The Chancellor’s announcement on Air Passenger Duty (APD) in yesterday’s budget speech was significant. Less so because of the changes he announced; more for his underlying assumption that APD is here to stay. This is a considerable blow to the aviation industry which for some years now has been united in its opposition to the tax. But it was never going to be abolished.
Successive governments have recognized that aviation is under-taxed. When Kenneth Clarke, as Chancellor of the Exchequer, introduced APD 20 years ago in his budget of November 1993 he said: “First, air travel is under-taxed compared to other sectors of the economy. It benefits not only from a zero rate of VAT; in addition, the fuel used in international air travel, and nearly all domestic flights, is entirely free of tax. A number of countries have already addressed this anomaly”.
At present there is a huge discrepancy between what motorists are taxed and the tax paid by the aviation industry. Revenue from car travel (tax on fuel and VAT) bring the Treasury about £12 billion a year.
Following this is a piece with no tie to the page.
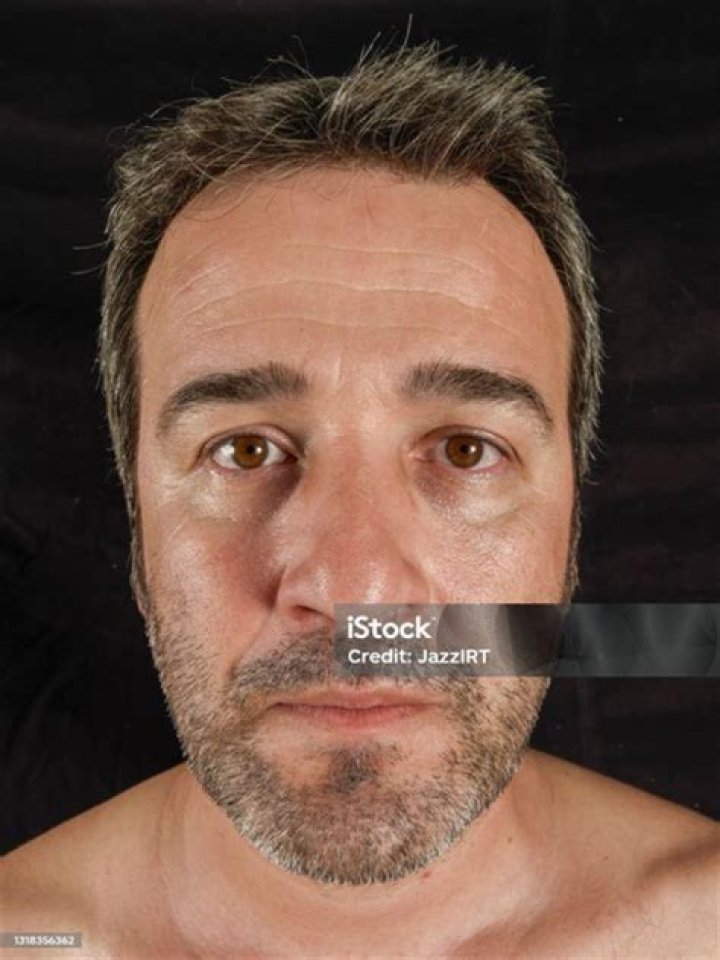 The Real Reasons Behind Physical Unattractiveness: Unveiling The Factors That Make A Person Ugly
APD raises around £2.8 billion. It would need to be quadrupled match the income from car travel. Other European countries are bringing in APD-type taxes (through, so far, at a lower level than APD is charged).
Yesterday’s Budget sorted out some anomalies in the system. Currently passengers travelling to the Caribbean, Asia or Australia pay more tax than those going to America. By April 2015 all long-haul passengers will pay the American rate – currently £67 (for a single journey) rising to £71 when the change comes in. The change has probably come about more from political pressure than a desire to please aviation industry lobbyists. The rate on short-haul flight – £13 for a single journey – will remain the same. APD will be imposed on private jets.
The details of the changes can be found here: https://www.gov.uk/government/uploads/system/uploads/attachment_data/file/293853/TIIN_6063_air_passenger_duty_banding_reform.pdf
The changes outlined will cost the Treasury £985m over four years from 2015, according to Budget documents. It does mean that aviation is even more under-taxed but the big message is: APD is here to stay.